Traditional genetics has focused on identifying single genes whose mutations are responsible for specific diseases. In the past 10 years, the paradigm has shifted from single genes to gene networks: genes, protein and all the other biomolecules regulate each other in a complex interaction network. One of the major challenges for geneticists and biologists, in the post-genomic era, is to find new methods to extrapolate correct and reliable information on gene interactions from huge amount of data, produced by high-throughput technologies. Modern biology can now be considered in the holistic sense; an approach to research that emphasizes the study of complex systems seen as networks of interconnected components, whose collective behavior yields phenotypes that cannot be understood by studying each component separately. This practice is alternative to reductionism, a purely analytic tradition, that purports to understand systems by dividing them into their smallest possible or discernible elements and understanding their elemental properties alone. Over the past 30 years, classical genetic studies of multifactorial human diseases successfully identified some of the genes and their allelic variants that can be considered irrefutable or true positives. However, there are probably hundreds of susceptibility loci that increase the risk for each common disease to be discovered. The emerging network-based approach to the identification of sets of genes responsible for increased risk in a specific disease is likely to speed up genetic research.

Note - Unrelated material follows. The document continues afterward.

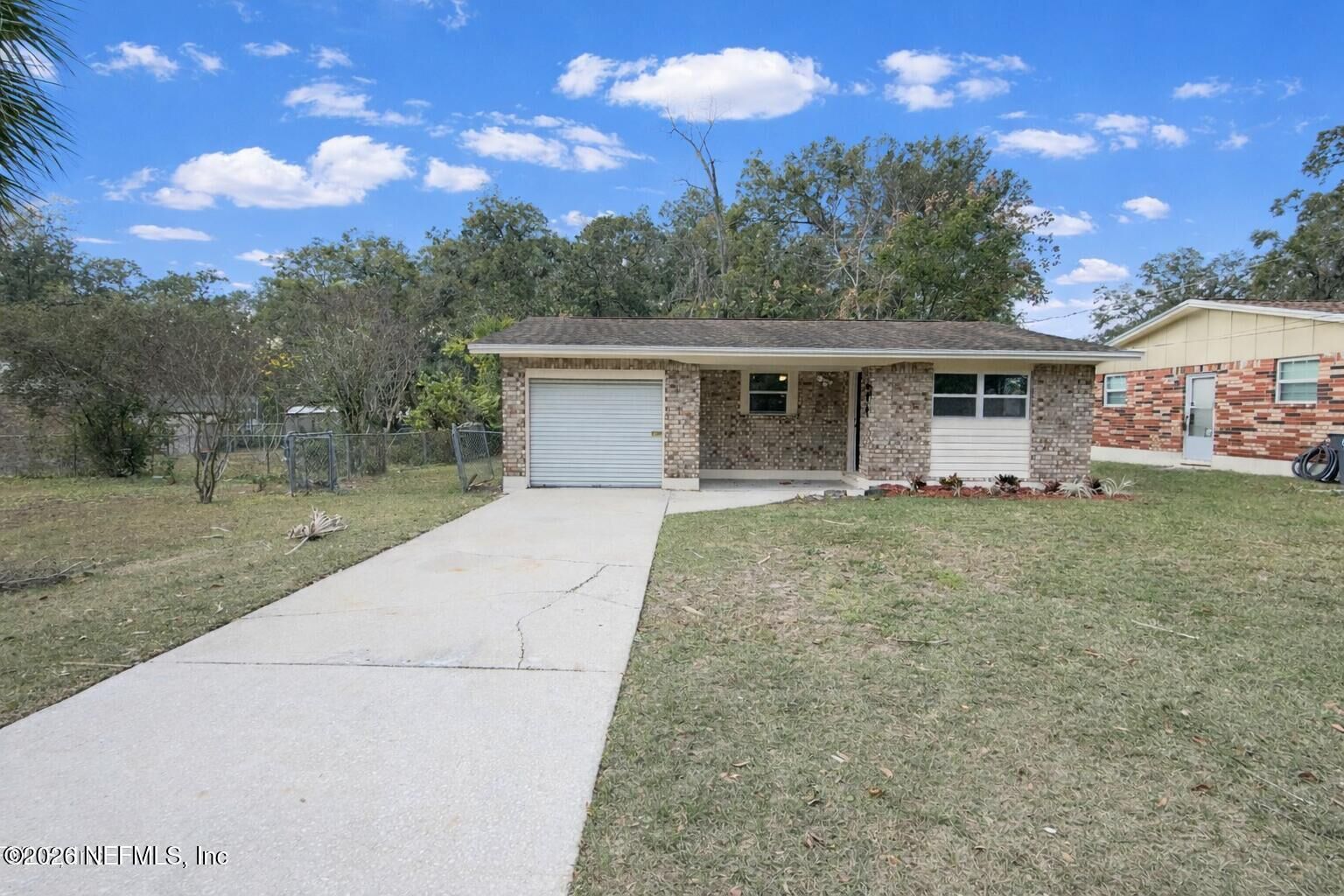 Property Photo: 814 Greeland Avenue FL 32221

Systems biology approaches are particularly promising to discover protein key modulators in inherited diseases and to study complex genetic interaction that underlie most inherited phenotypes.

Synthetic biology can be considered as the other side of the coin of Systems biology, as it aims at making use of the naturally occurring biological components and at ‘re- engineering’ them to perform novel functions. Understanding how emerging properties can be generated from biological networks is necessary to be able to build ‘de novo’ synthetic networks to give rise to the desired phenotype (that is, oscillatory behavior or switch). This is the reason why Systems and Synthetic biology need each other to be successfully applied. Even though Synthetic biology is still very much at the stage of finding its definitions and testing prototypes, many research groups are turning to it. It is a very promising field both because of its mere applications and the tools it can provide, and progress is proceeding fast. The main challenges lie in the length of the process of assemblage of new DNA sequences (Endy, 2005), and in the fact that the main applications still lack mathematical models. In this review we highlighted the studies lacking a formal model, and it goes to show that there is still a certain miscommunication between modeling and practice. Synergy between biology and engineering is not easily achieved. Nevertheless the new scientist, that is the Synthetic biologist, could achieve goals not permitted to classical biologists, because he/she uses new interdisciplinary tools. So far, Synthetic biology dealt with the synthesis of novel polynucleotides and of new proteins, the redesigning of pathways and the creation of standard bioparts, as well as the study of the minimal genome required to an organism for life. These studies provided essential insight into known biological processes and will in the future most likely develop into promising applications. Thanks to ex vivo cell therapy, improved viral vector technology, and to a standardized characterization of the molecular building blocks (biobricks), in a few years from now we could have controllable gene therapy and be able to build large networks of genes with desired functions. The applications and the potential are immense and they are leading scientist onto unexplored grounds.